Boyle v. State

528 S.E.2d 303 | Ga. Ct. App. | 2000

Eldridge, Judge.

A Fulton County jury found Chris Boyle guilty of aggravated assault for pulling a handgun on Charles Andrews outside the Ashby Street MARTA station and ordering Andrews to “give it up.” Boyle appeals, raising two errors of law which allegedly require reversal. Having reviewed them both, we affirm Boyle’s conviction.

1. Boyle first claims that the trial court erred in granting the State’s motion to strike for cause prospective juror no. 20, Deborah Ann Vanzile. We find no error.

Prior to individual voir dire, the trial court asked the panel several general questions, including: “Have any of you had such a negative or bad experience with law enforcement that you would have a difficult time sitting and being fair and impartial jurors where law enforcement witnesses might be involved?” Prospective juror Vanzile raised her hand in response to the trial court’s question.
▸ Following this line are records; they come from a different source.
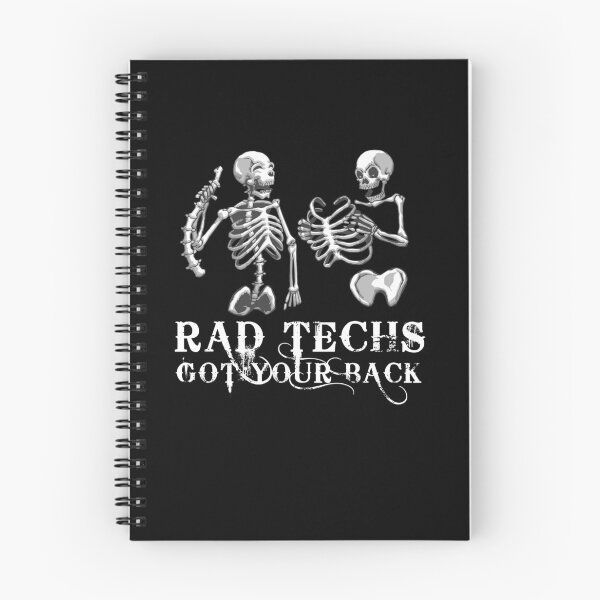 Item preview, Rad Techs Got Your Back designed and sold by GriffsGraphix.
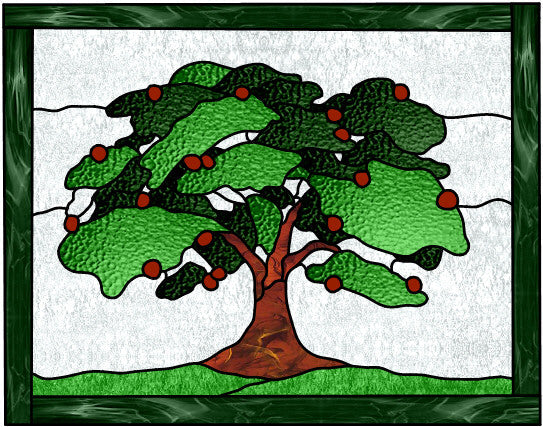 PDF Stained Glass Patterns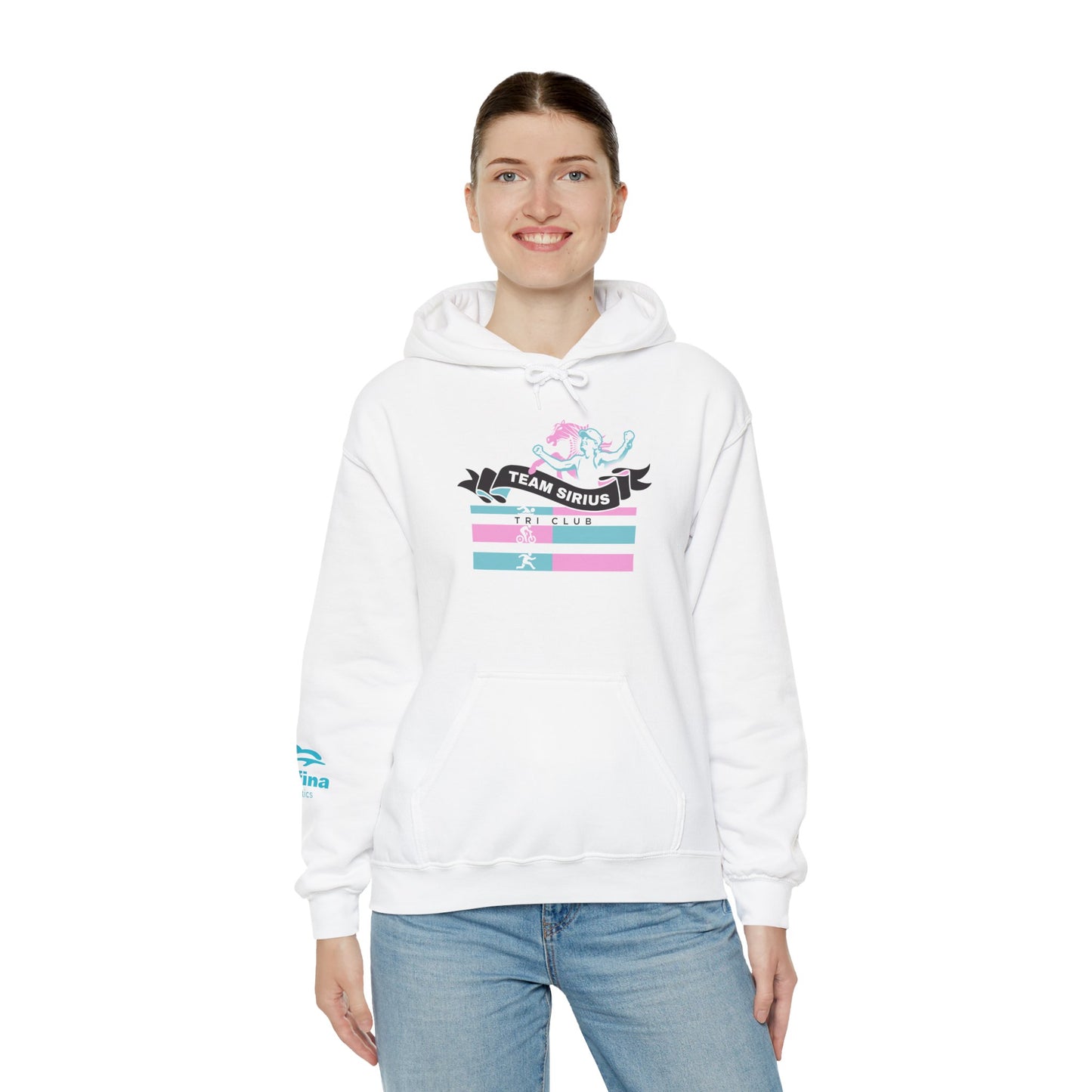 TSTC Custom Unisex Heavy Blend™ Hooded Sweatshirt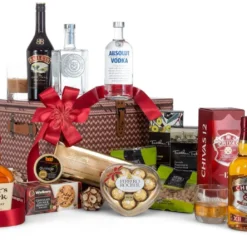Spirited Christmas Gift Hamper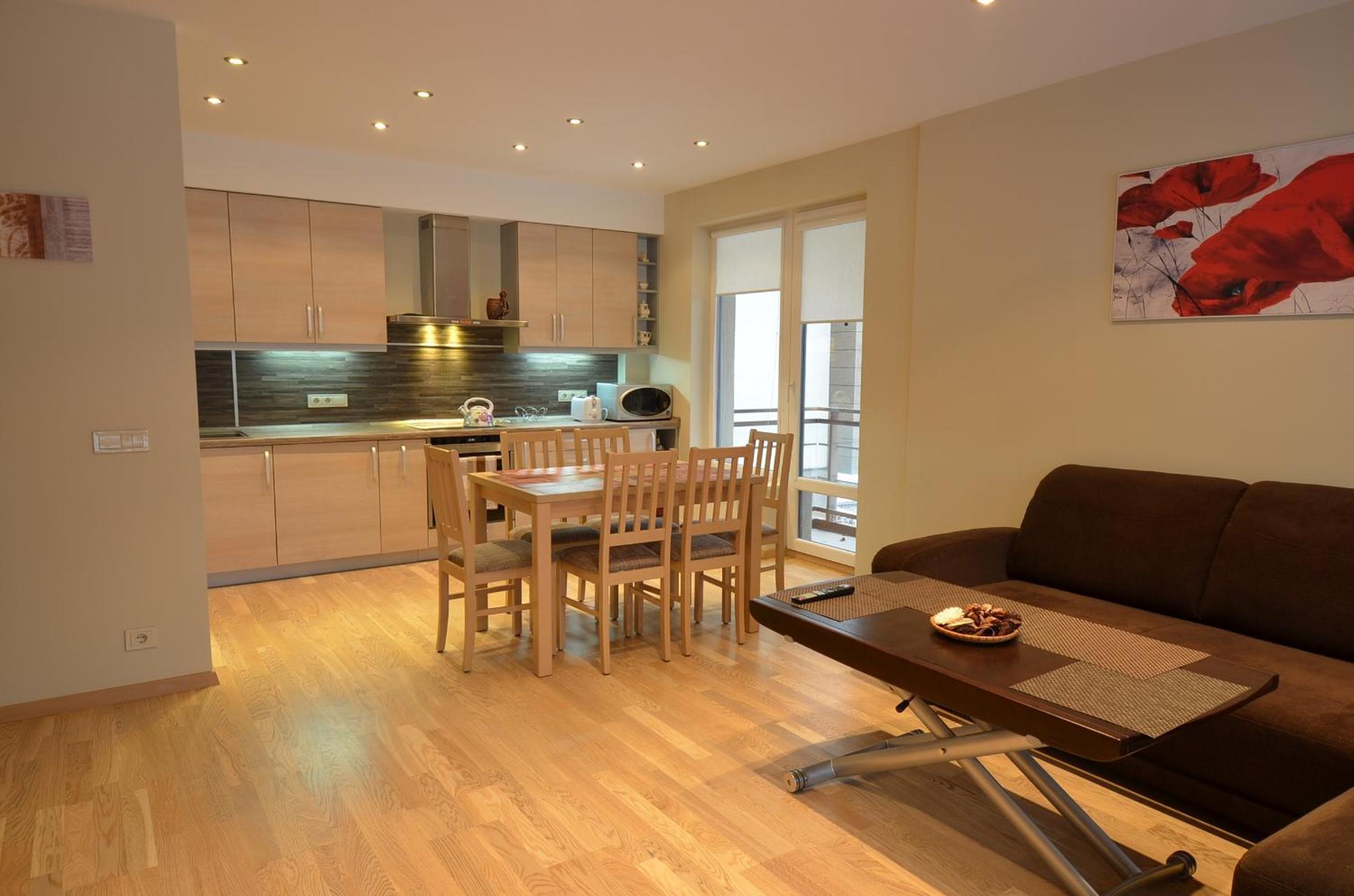 Aguona apartament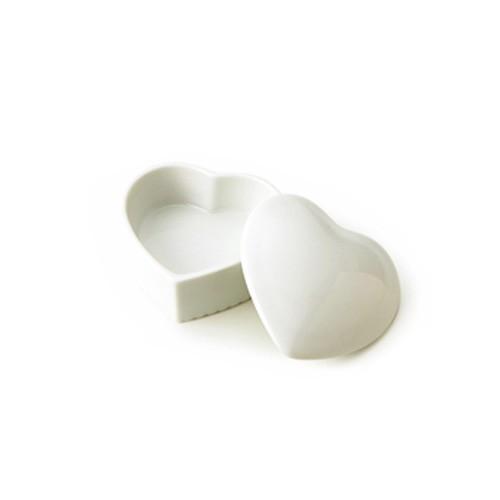 B】ホワイトハンドモチーフ/Made in Japan /陶器製・小物入れ 陶器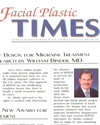 Dr.William J.Binder Quoting  About Facial Plastics In Times Magazine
Later, during individual voir dire, the following colloquy occurred:

[State:] Do you think that [unfortunate encounter with law enforcement] would in any way work as a block to you listening to officers’ testimony in this case and weighing their testimony just as any other witness?
[Vanzile:] Probably, yeah.
[State:] It probably would?
[Vanzile:] Yeah.
[State:] So you do not think you could be fair and impartial to the state in this case?
[Vanzile:] Not if it involves police officers. . . .
[Defense:] You don’t feel like you could put your incident outside and kind of leave it outside the courtroom and listen to the evidence in this case and render a fair and impartial verdict?
[Vanzile:] In all honesty, probably not. .
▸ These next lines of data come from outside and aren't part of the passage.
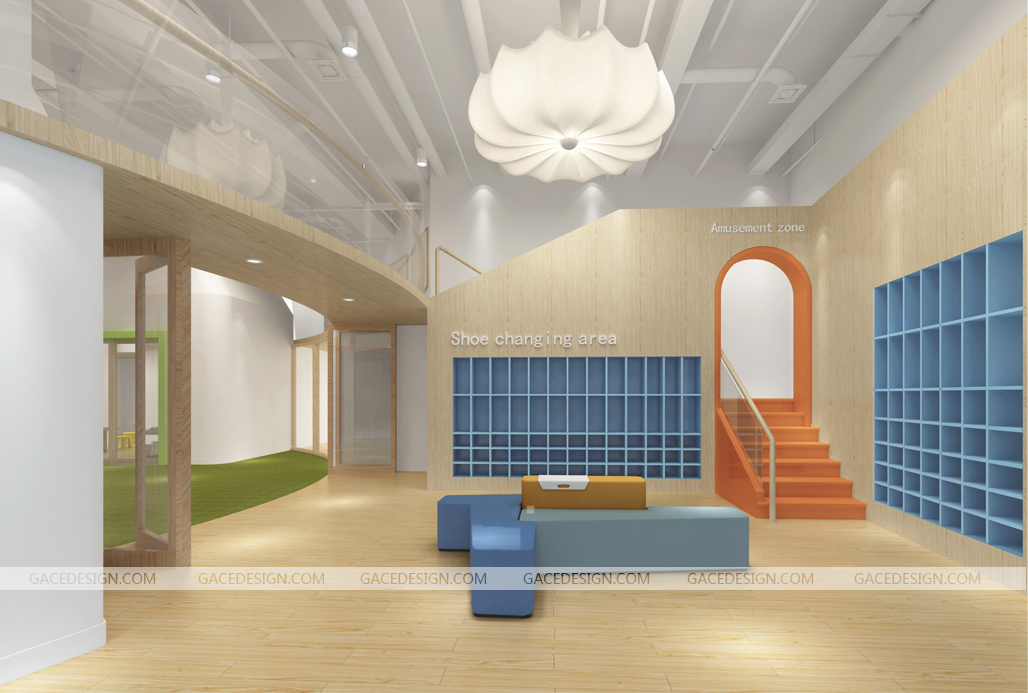 幼兒園裝修設(shè)計(jì)的主題特色 幼兒園裝修設(shè)計(jì)的主題特色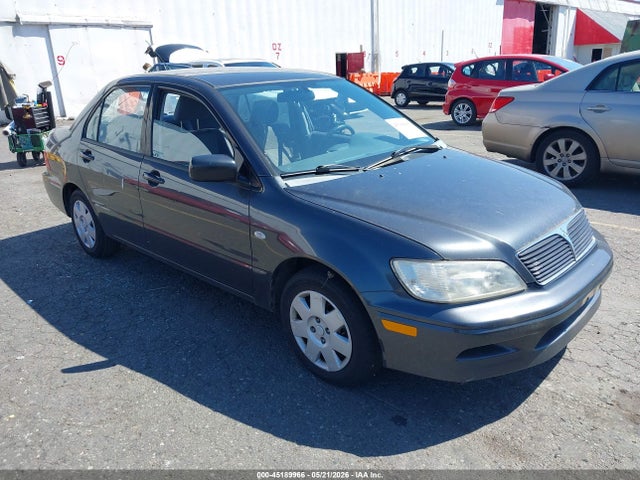Aukcja sprzedaży 2003 Mitsubishi Lancer Es, vin: JA3AJ26E13U018695, numer aukcji: 45189966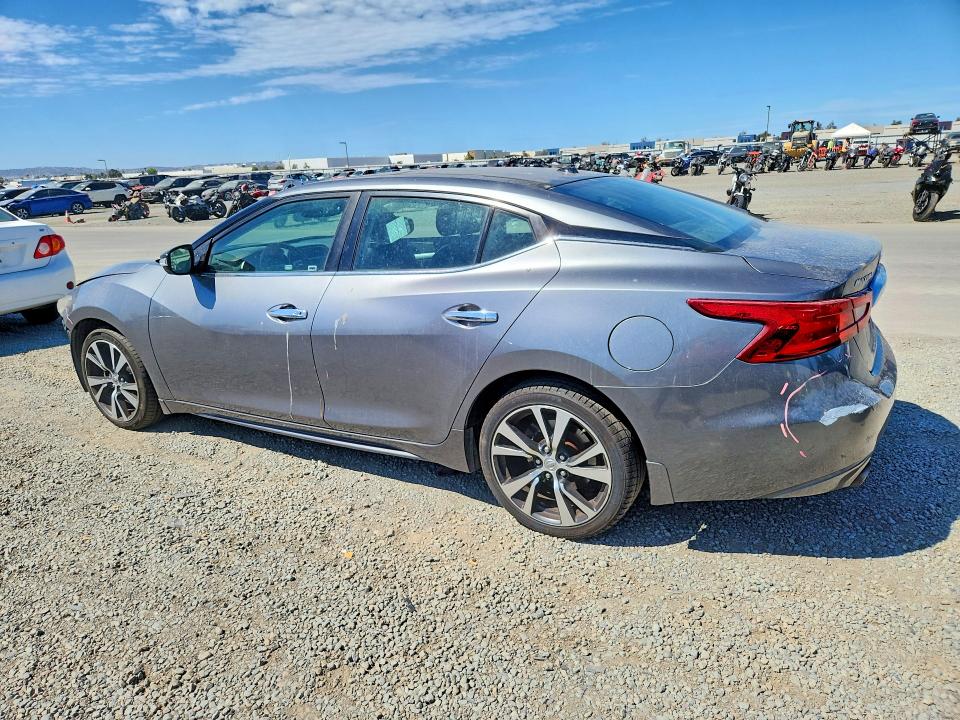 Снимка 2 от търг – 2016 NISSAN MAXIMA с VIN 1N4AA6AP5GC388289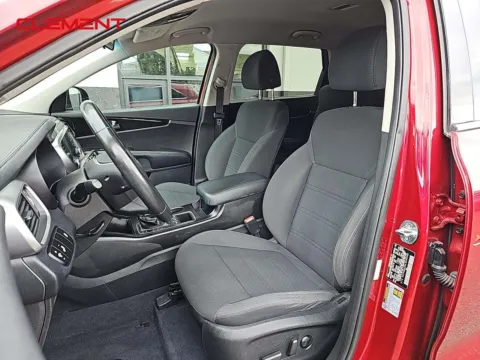 Another view of 2020 Kia Sorento S for sale in Florissant, MO at Clement Pre-Owned
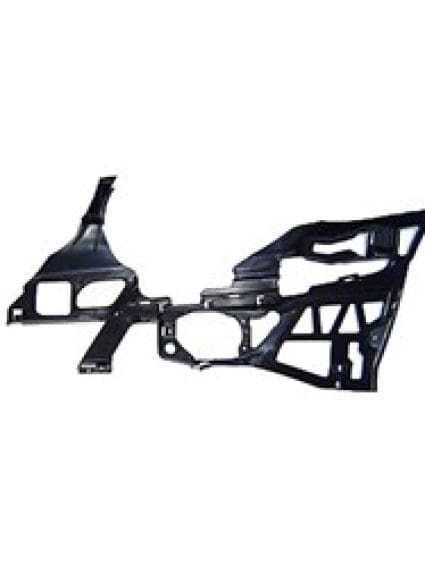MB1043100 Front Bumper Bracket Cover Support Passenger Side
*884At the conclusion of voir dire, the State moved to strike Vanzile for cause. The trial court brought her back in for more questioning:

[Trial court:] All right. Now, if, you know, I give you a charge, which I will, that you are to put aside all of that, other things and just consider your — put aside your own experience and consider the evidence in this case and look at this case, you know, straight on, so to speak, the question is, then, can you be fair and impartial?
[Vanzile:] I think I could try, but I think that there would always be in the back of my mind going through my thoughts that, well, if I wasn’t treated fairly, how could I expect somebody else to be treated fairly by the police officer, a cop. I mean, just the whole situation just made me look at the law enforcement officers in a completely different way from what I didn’t have a problem with them. To me just feeling very scared and very intimidated and very frustrated over the whole thing, and, I mean, I can look at somebody and try and say, yes. I am going to try and be impartial, but, I mean, if the thought is always there in the back of my mind, and it is not something that I can get rid of too easily, I don’t see how I can be fair with somebody else.
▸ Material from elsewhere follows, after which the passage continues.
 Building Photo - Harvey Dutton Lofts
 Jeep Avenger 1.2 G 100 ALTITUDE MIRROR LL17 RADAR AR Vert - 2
(Emphasis supplied.) The trial court granted the State’s motion to strike Vanzile for cause.

Whether to strike a juror for cause lies within the sound discretion of the trial court. Kirkland v. State, 271 Ga. 217, 219 (518 SE2d 687) (1999).

In order to disqualify a prospective juror for cause on the basis that she could not fairly and impartially judge the case, the opinion must be so fixed and definite that it would not be changed by the evidence or the charge of the court during the trial of the case.

Menefee v. State, 270 Ga. 540, 542 (512 SE2d 275) (1999). “A conclusion on an issue of bias is based on findings of demeanor and credibility which are peculiarly in the trial court’s province, and those findings are to be given deference.” Kirkland v. State, supra at 219. Under this legal standard, the evidence was clearly sufficient to support the trial court’s credibility determination that Vanzile could not decide the case impartially. Id.

Further, contrary to Boyle’s contentions, the fact that Vanzile used the word “try” during the course of voir dire does not necessarily rehabilitate her, and the Supreme Court of Georgia’s decision in Garland v. State, 263 Ga. 495, 496 (1) (435 SE2d 431) (1993), does not *885stand for that proposition. On appeal, the question is whether evidence supports the trial court’s determination. In Garland, a juror’s repeated assertions that she would “try” to decide the case based on the evidence supported the trial court’s credibility decision to deny a motion to strike for cause. Here, however, the fact that Vanzile stated “I think I could try, but. . .” does not require the trial court to ignore the numerous times Vanzile affirmatively stated she could not decide the case impartially and does not make the trial court’s credibility decision to strike Vanzile error.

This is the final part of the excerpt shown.